A Green Line trolley leaving Park Street Station rear-ended another trolley that was standing at the platform of Boylston Station shortly before noon today, injuring 35 people, including nine who were immobilized with possible head or neck injuries, authorities said.
The most common injuries were bruises and cuts, Boston EMS officials said. The crash was described as a “shocking impact” by one witness, but officials said none of the injuries appeared to be life-threatening.
He said the cars did not derail and there was no visible damage to them, suggesting that the trolley had not been traveling fast when it rolled into the station.
“[We] don’t know what the speed was, but by initial indications of the types of damage or visual damage it doesn’t look like it was a high-speed impact,” he said. The MBTA is investigating the crash.
The operator of the moving trolley was a 46-year-old man who has been with the T since 2006. He has no accidents on his record. He had started his shift at 11 a.m., said MBTA spokesman Joe Pesaturo.
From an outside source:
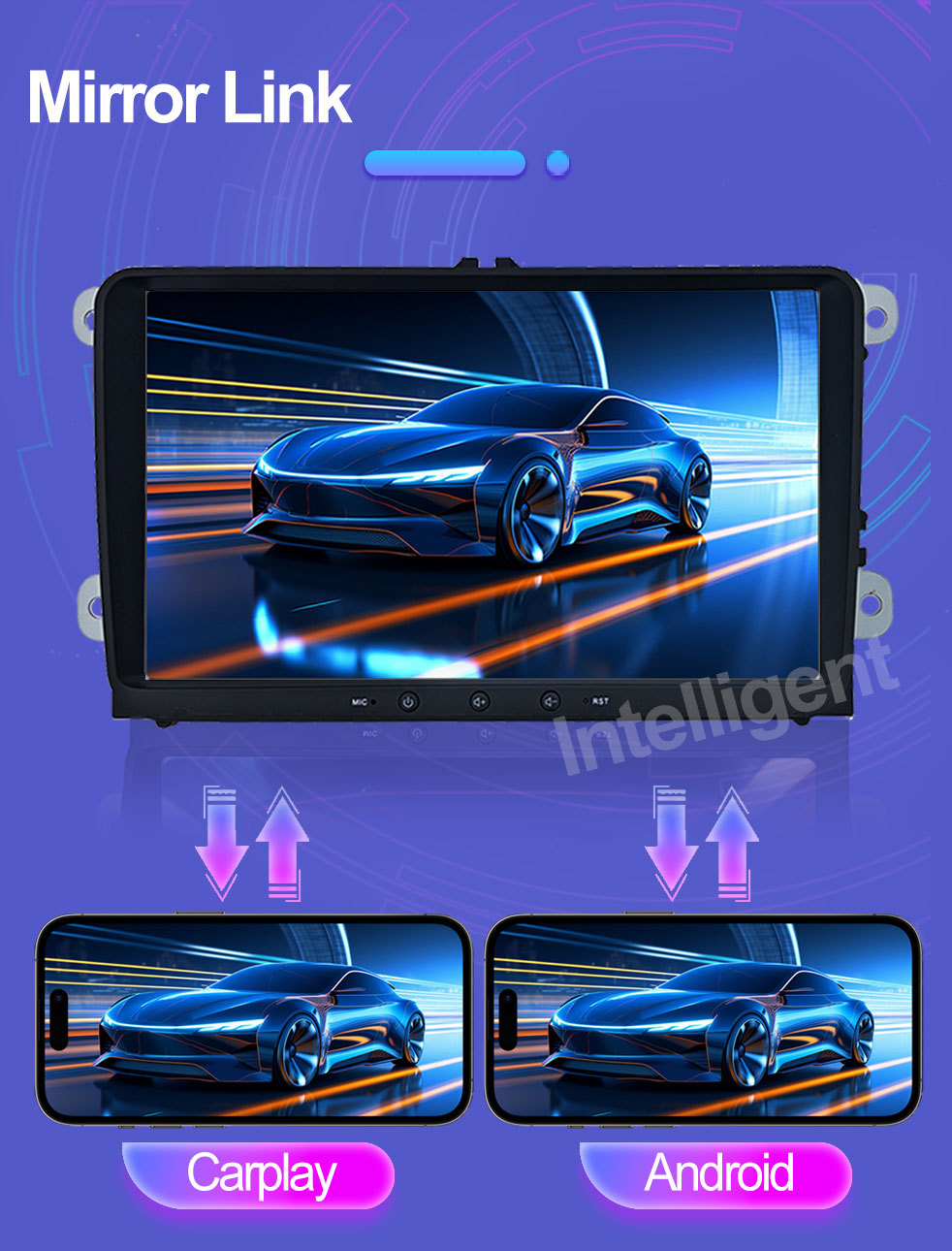 9inch Volkswagen Dedicated Car Navigator Gps Bluetooth Large Screen Reversing Image Wireless Carplay Smart Car Machine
Rescue workers converged on the station at 11:53 a.m., the fire department said in an official tweet. A triage operation was set up on the sidewalk outside the station to evaluate the injured passengers.
A Globe reporter arriving at the scene saw one person being rolled in a stretcher to an ambulance, others being escorted to a nearby MBTA bus to be checked out, and one man with a bloody shirt being escorted by rescue workers as he held a cloth to his head.
Witness Emily Frachtling, an Emerson College senior who boarded the moving trolley at Park Street, said that when it hit the trolley at the platform it was a “shocking impact.”
She also said she didn’t believe her trolley had braked before the crash. “We did not slow down from Park Street to Boylston and it hit the train,” she said.
“It was just mostly people kind of yelling out in shock and afterwards everyone’s faces were just like, ‘What just happened?’” she said, adding that people in at least her car appeared to be all right.
Witness Elijah Clark Ginsberg said the first E Line trolley was stopped and the doors were open to allow passengers access. When the collision took place, he saw one man get knocked out of the door onto the concrete platform, ending up face down.
He said the volume of passenger traffic was light to moderate. Shortly after the crash, some passengers got off the cars and left the station. Others appeared shocked but had no obvious physical injuries, he said.
“No one seemed really injured except for that one guy, but everyone obviously looked really shocked and kind of terrified,” said Clark Ginsberg, who is studying marketing at Emerson. “It was just the sound of metal crashing together. It was not immediately obvious what it was.”
Two other Emerson students, Tessa Roy and Elliot Friar, observed the scene unfold from their dorm room overlooking the station on Boylston Street. “I normally hear sirens often, but I looked out [my window] and saw hordes of ambulances and fire trucks coming down Boylston,” Roy said. “Once they roped off the area, I knew something had happened.”
Friar said there were numerous emergency personnel outside the station, and their work looked very organized.
“There was a man being evaulated outside of our window. He looked very shaken,” Friar said. “They had to help him sit down, but we couldn’t see if he had any serious injuries.”
The students said they saw people being rolled out on stretchers or wearing neck braces.
The crash forced the station to close for several hours. It had reopened by midafternoon.